O documento criado pelo Institute for lifelong learning da UNESCO, resume a ciência do processo:

Figura 1. Representação esquemática dos fatores biológicos (aprendiz individual), de estilo de vida (saúde e bem-estar) e psico-sócio-emocionais (aprendiz no grupo) que afetam processos cognitivos e a aprendizagem ao longo da vida (adaptado).
Para que a aprendizagem se dê de forma contínua na fase adulta, os três fatores e seus desdobramentos precisam ser levados em consideração.
Do ponto de vista da formação de professores, é imprescindível levarmos em consideração sua bagagem e experiência em sala de aula. Bem como suas crenças pré-estabelecidas e visão de mundo. Todos esses fatores refletem na maneira como o processo de aprendizagem pós-formação vai moldar suas práticas.

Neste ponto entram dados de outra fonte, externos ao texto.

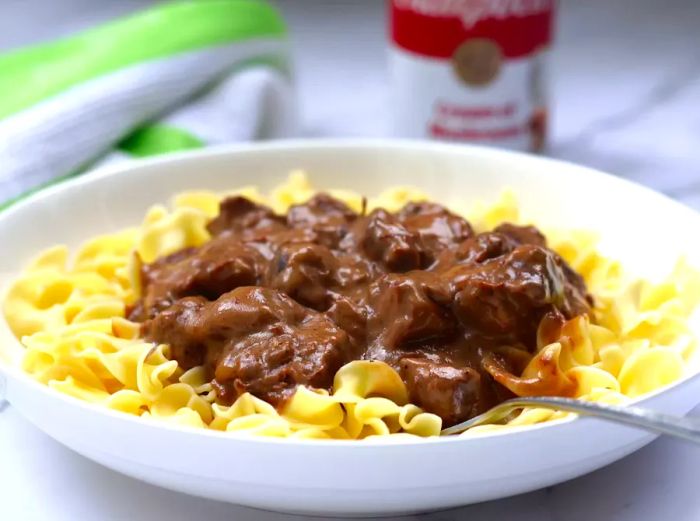 Creamy beef tips served over egg noodles in a white bowl.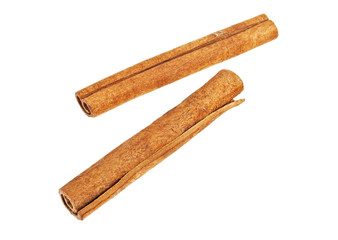 Two cinnamon sticks on white background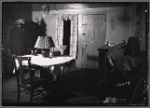 Interior view with table, chests of drawers and cabinets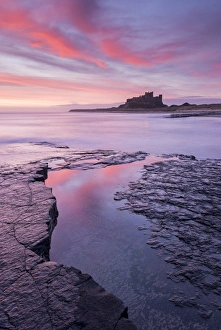 Sunrise over Bamburgh Castle on the Northumberland coast, England. Spring (March) 2015 Sunrise over Bamburgh Castle on the Northumberland coast, England. Spring (March) 2015
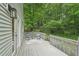Deck area featuring chairs, table and wooded view at 120 Park Bridge Ln, Roswell, GA 30075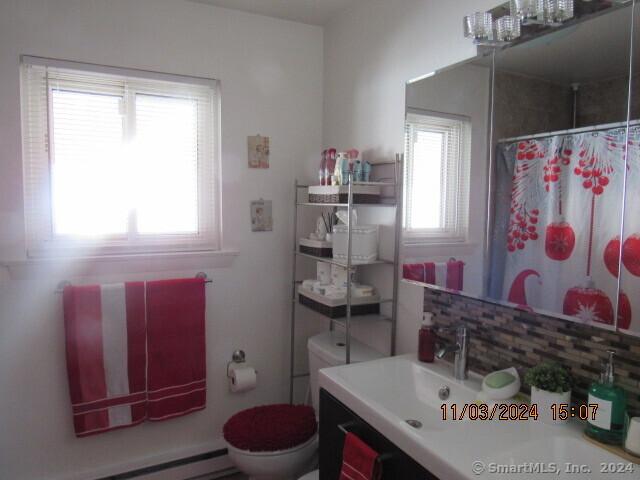 bathroom with a baseboard heating unit, curtained shower, toilet, and vanity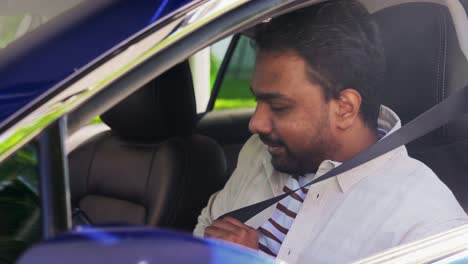 Smiling-Indian-Man-or-Driver-Driving-Car.transport,-safety-and-people-concept-happy-smiling-indian-man-or-driver-fastening-seat-belt-in-car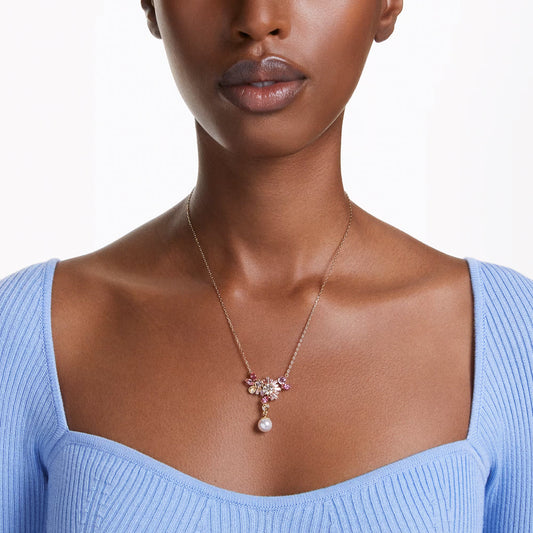 A person wearing a light blue, off-the-shoulder top and the elegant Swarovski Gema Necklace Pendant by Swarovski, featuring sparkling Swarovski Zirconia and a hanging pearl. The background is plain white.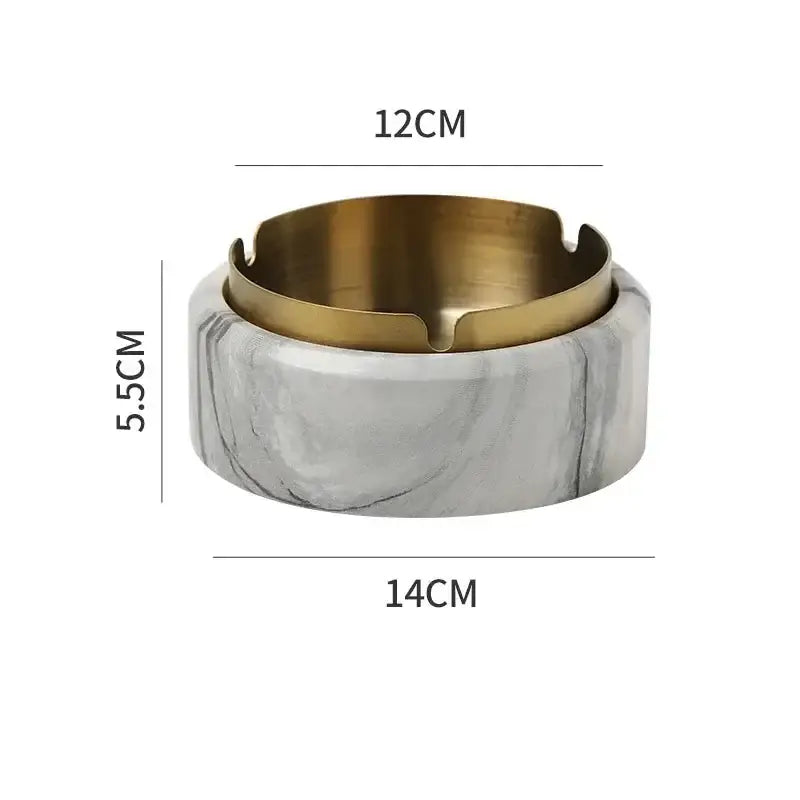 A modern gold plated ashtray with a white marble texture base for stylish living room decorbites gold plated tray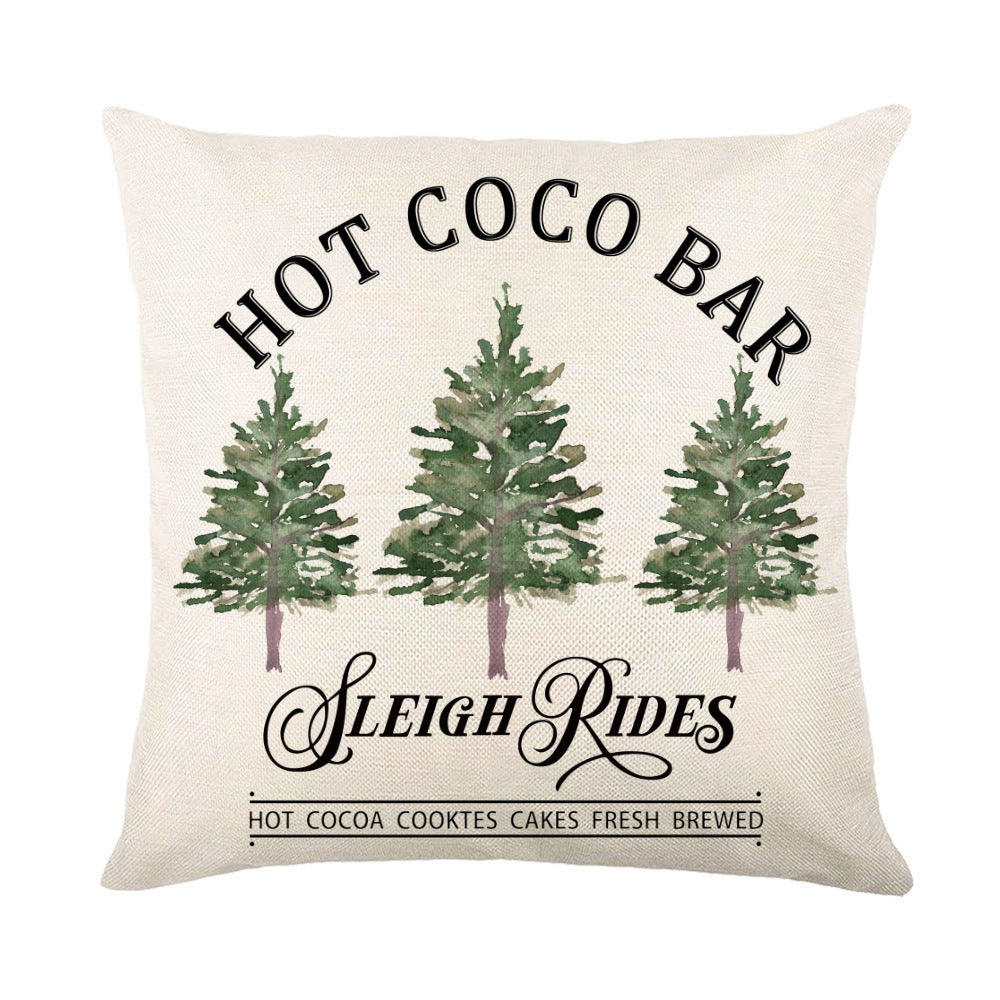 Christmas Pillow Covers featuring a cozy Hot Cocoa Bar design with pine trees and festive typography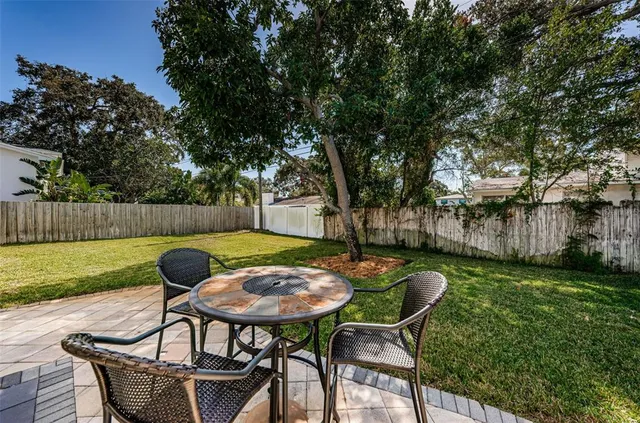 a view of a house with sitting area and garden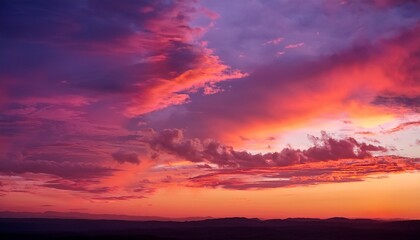 Fototapeta premium A Beautiful Sky With A Pink And Orange Sunset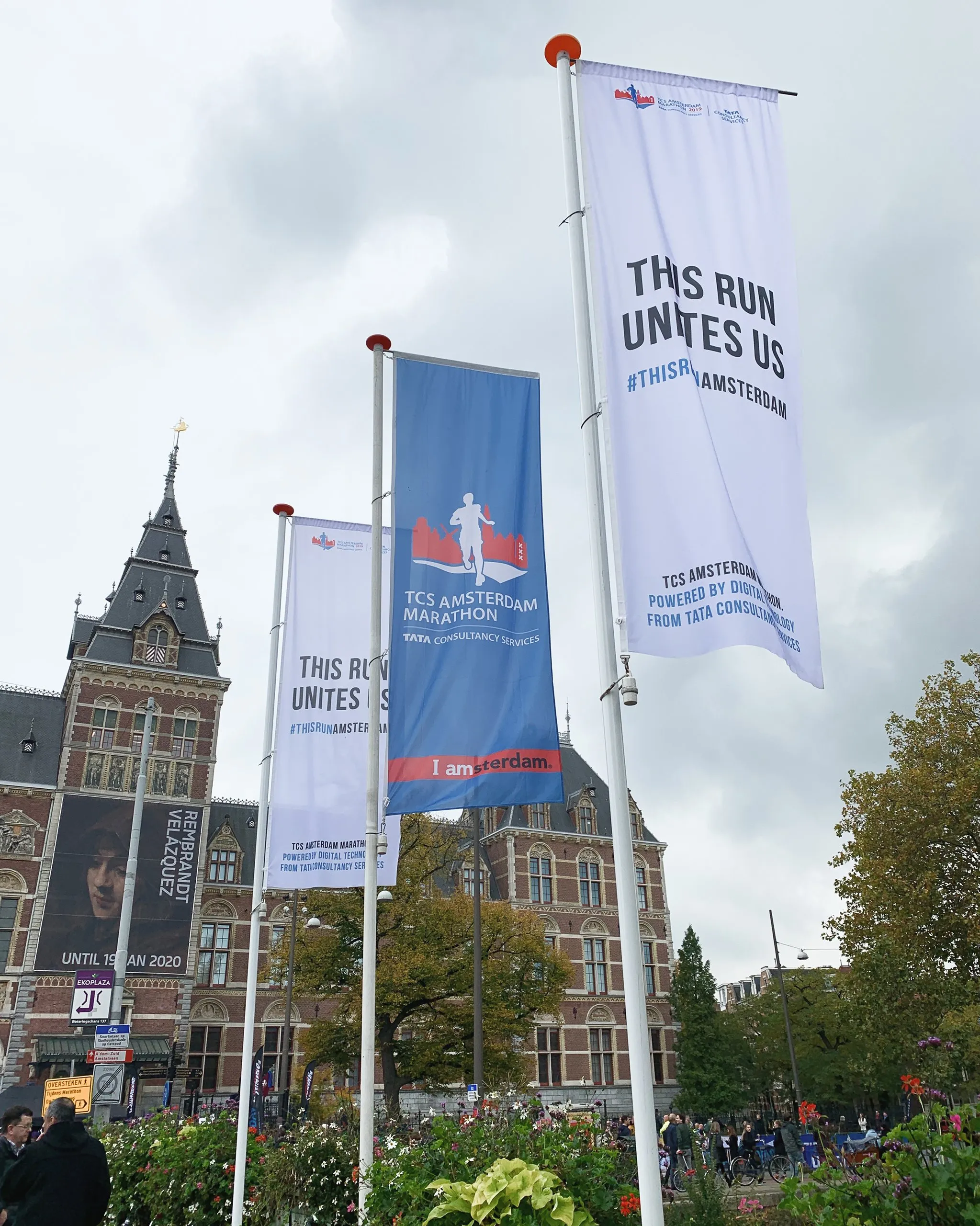Three tall banners for the TCS Amsterdam Marathon stand in front of the Rijksmuseum under a cloudy sky. The white banners read “This Run Unites Us,” and the blue banner shows a runner silhouette with “I amsterdam.” A large museum banner advertises a Rembrandt–Velázquez exhibition, with flower beds and pedestrians below.
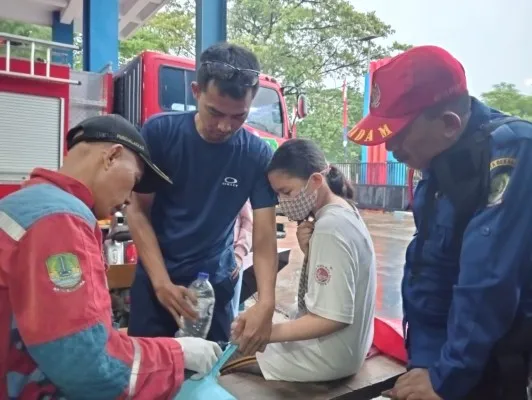 Petugas Damkar Kota Bekasi saat mengevakuasi jari bocah tersangkut lubang gayung. (Istimewa)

Parece complexo determinar a visão sintética de tantos elementos a fim de colocar em prática. Desmembrar demais não vai tornar o processo mais simples. Como bem descreveu Alvin Toffler, a era da informação com sua velocidade de informação não permite uma visão linear segundo a qual o macro é desmembrado em micro-partes. A visão é sintética.
Dessa maneira, por que não desenvolver programas de formação de professores que abarquem não somente aspectos de internalização de conteúdo, mas também de desenvolvimento socioemocional e de bem-estar? Frequentemente professores ministram atividades para seus alunos focadas em tais elementos, mas eles próprios não desenvolveram tais habilidades.
Quantas vezes um professor precisa dar aulas em condições psicológicas estressantes e aflitivas? Qual sua válvula de escape na escola que não seja a quantidade cada vez maior de horas-aula fornecidas?
A neurociência perpassa por grande parte dos fatores envolvidos no diagrama acima. Não apenas porque explica aspectos cognitivos e emocionais, mas também porque instrumentaliza o individuo enquanto aprendiz, ao fornecer as bases por trás de todos esses processos. Se entendo o que acontece comigo enquanto fenômeno, posso modificá-lo. De forma personalizada e que faça sentido.
Portanto, é hora de mudar a escola. Mas não somente para os alunos. Não é um movimento separado e sim, conjunto. A escola precisa repensar o professor e seu espaços, vivências e aprendizagens. A formação continuada focada em dados e em ciência é o primeiro passo.